- Place
- Ulukhaktok, Northwest Territories
- Date
- 1958
- DIMENSIONS in centimetres
- 38 x 18
- Materials & techniques
- Bird skin, seal skin, caribou skin, ermine pelt, sinew; Sewn, stitched
- Credit
- Helen Kalvak
- ID
- Prince of Wales Northern Heritage Centre 979.060.001b
This bonnet-style dance hat is distinctive of Inuinnait traditional clothing worn at drum dances on ceremonial occasions. The hat is made with narrow strips of dark seal skin alternating with skin dyed red with ochre and white-haired caribou skin. The strips are sewn together with sinew and fine hand-stitching. A loon’s beak stands up from the top of the hat, and the skin and feathers of the loon’s head extend down the sides. Two whole ermine pelts, complete with whiskers, dangle from the loon’s beak. The hat was worn with other pieces of special dance clothing: a hoodless parka, trousers, mitts, and pleated seal skin shoes. The hat was passed around between both men and women dancers, with the ermine skins swinging to the beat.

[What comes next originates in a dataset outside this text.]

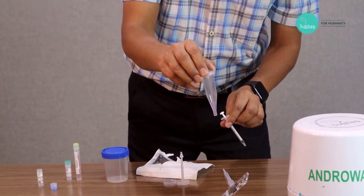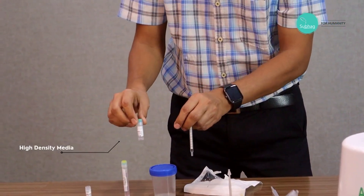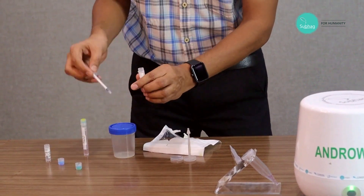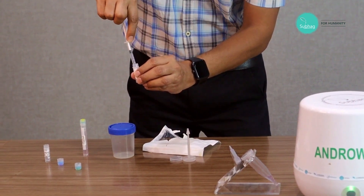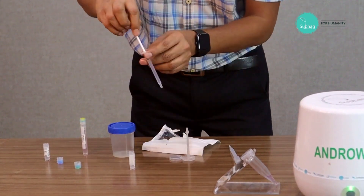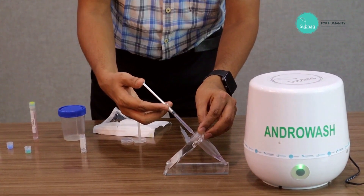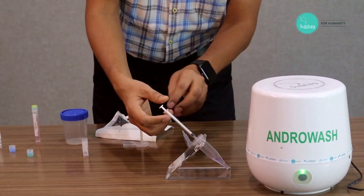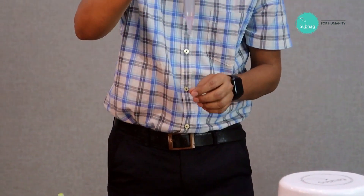So the low density layer is done. Then we take the higher density media. Here also we take the entire volume at a time with the help of the syringe. We take the full quantity and again attach it with the cap hole and simply inject it. No need to bother about at what speed you are doing it — so anyone can do it without any prior training.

Helen Kalvak (1901–1984) was born in a camp at Tahiryuak Lake, Victoria Island, Northwest Territories. Her family followed the traditional movements of their peoples walking across the land in the summer and living on the sea ice in the winter to hunt caribou, birds, fish, and seals. She learned the knowledge of the land and the skills of a seamstress. In the 1960s, when the Holman Co-op was established, Kalvak was a founding member and became an artist. Many of her drawings depict Inuinnait clothing and dance hats, and she and her husband, Edward Manayok, are fondly remembered for their drumming and dancing. In interviews with Kalvak about her art, she comments on the symbolism in dance hats – the loon is admired for its song and dance and its ability to move through both the air and the water; the ermine has qualities of agility, alertness, and speed. Kalvak was inducted into the Royal Canadian Academy of Arts in 1975 and received an Order of Canada in 1978.